Hallo Nachtalb,
ich finde Deinen Beitrag sehr lesenswert, und teile z.T. Deine Skepsis betreffend der hohen Preise bei Marken- oder Kult-Gitarren.
Durch J.Hendrix` wurde ich auf die Stratocaster aufmerksam und kaufte mir Anfang der 70er eine Original für damals 1800.-DM, hab sie aber wegen Geldproblemen Anfang der 80er verkaufen müssen.
Kürzlich hab ich mir einen Strat-Nachbau Fabrikat „Clifton“ (China) für 49,50 Euro (!) gekauft Die ist fabrikneu und war ursprünglich bei „Plus“ für 129 Euro im Angebot, und wurde nun bei „Billix“, einer Tochter von „Plus“, bei der nicht losgewordene Aktionsware regelrecht verramscht wird, angeboten.
Dieser Set mit Verstärker und Zubehör, wurde Ende letzen Jahres in allerlei Discountketten (Aldi, Norma, Plus usw,) unter verchiedenen Namen angeboten. Offenbar kommen diese Sets vom gleichen (Massen-) Hersteller, bekamen lediglich andere (Fantasie-) Namen, und unterschiedlich gestylte Kopfplatten. Die Preise waren sehr unterschiedlich, ich glaube Aldi war der billigste für 99,- Euro, Plus und Norma wollten 129,- Euro haben, und ich glaub da gab es sogar Angebote anderer Supermärkte bis zu 170,-Euro.
Zusammenfassung.
Bei der Original-Strat waren Hals und Bünde nicht zu beanstanden, und ich unterstelle, daß die Hals-Hölzer sehr gut abgelagert waren. Das hat natürlich seinen Preis.
Der Rest der Original-Strat war (aus heutiger Sicht) nicht sonderlich gut verabteitet. Die Befestigungs-Schrauben dieser Korpus Deckplatte („Schlagbrett“), waren lieblos und entsprechend schief „reingeknallt“ (auch die auf der Rückseite an dieser rechteckigen Abdeckplatte. Nach einmaligem rausschrauben waren die Gewinde im Holz fast schon kaputt.
Die aus den drei Tonabnehmern jeweils 6 etwas herausstehenden Weicheisenstäbe waren schon nach einigen Wochen angerostet (der schlampig aufgebrachte Klarlack half auch nichts). Der Spannstab bzw. die Spannmutter des Halses war unerreichbar (bekanntlich war die Spannmutter früher auf der Korpusseite), die Halbrunde Aussparung an Korpus und Resopaldeckplatte ein Witz, hätte man auch weglassen können. Die kleinen 6 verstellbaren Saitenbrückchen waren simpelst aus Blech gebogen, die Gewinde darin schon ausgeleiert (natürlich erst zu merken wenn die Seiten runter sind).
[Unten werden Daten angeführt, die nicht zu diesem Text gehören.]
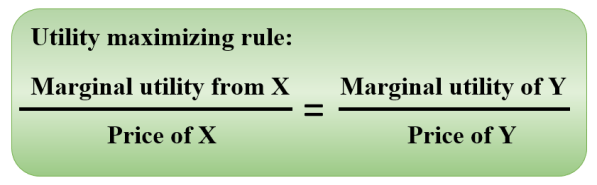 Utility Maximizing rule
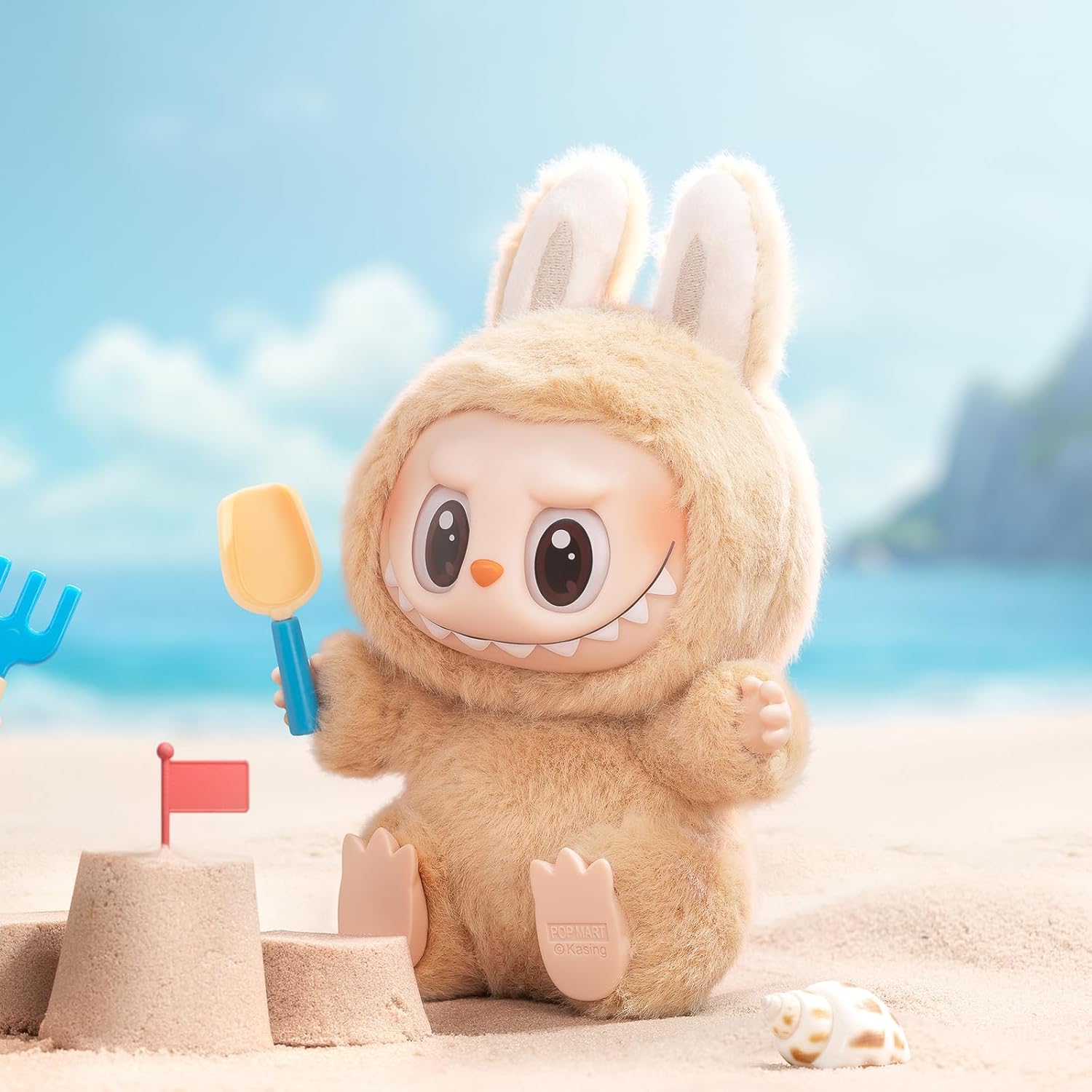 М'який брелок-монстр Labubu Blind Box 17 см у коробці-сюрпризі - мініатюра 6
Klar die Brückchen mußten ursprünglich nicht schön aussehen, denn damals hatten die Strats darüber noch eine aufgeklemmte und abnehmbare verchromte Blechkappe, die aber praktisch von den meisten Gitarristen gleich abgelassen wurden. Das Gewinde des „Jammerhakens“ war auch nicht sonderlich koscher, entweder klappert der Hebel im Gewinde oder er ist genau richtig satt dafür aber an der falschen Stelle (falscher unbedienbarer Winkel), das Problem dürfte aber so alt wie die Strat selbst sein.
Das Material den Korpus war nach meiner Erinnerung nichts besonders, es könnte sogar ein zusammengeleimtes Mischmasch aus Holzabfällen gewesen sein.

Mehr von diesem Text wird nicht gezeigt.